_Exercise instructions_
Only the lines from the line containing "Roborock OUTLET - Dyad" to the end of the material belong in the copy; set them down exactly, without pictures.

_Information supplied_
↓

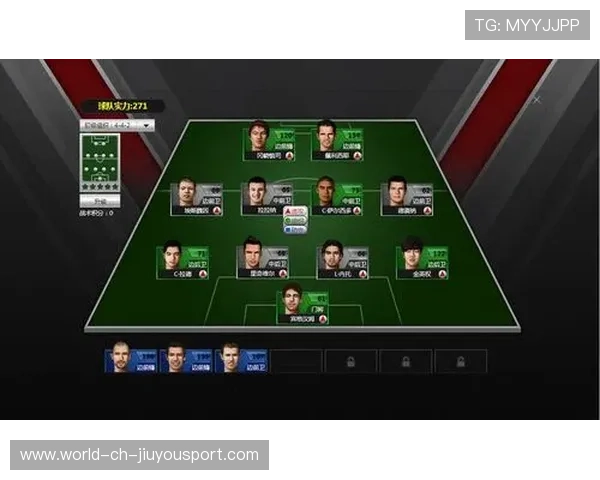 国足战术制定流程科学化改革，制定足球战术有四种原则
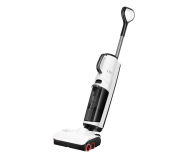 Roborock OUTLET - Dyad Pro Combo - 1469770 - zdjęcie 1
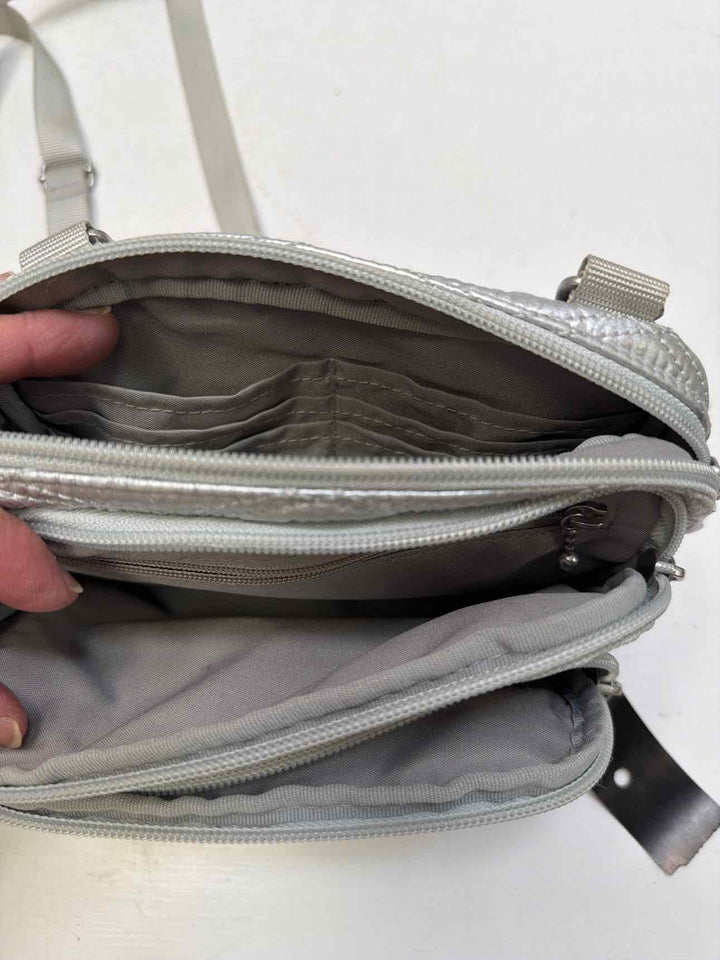 baggallini Crossbody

↑

_Result for this task_
 Roborock OUTLET - Dyad Pro Combo - 1469770 - zdjęcie 1
 baggallini Crossbody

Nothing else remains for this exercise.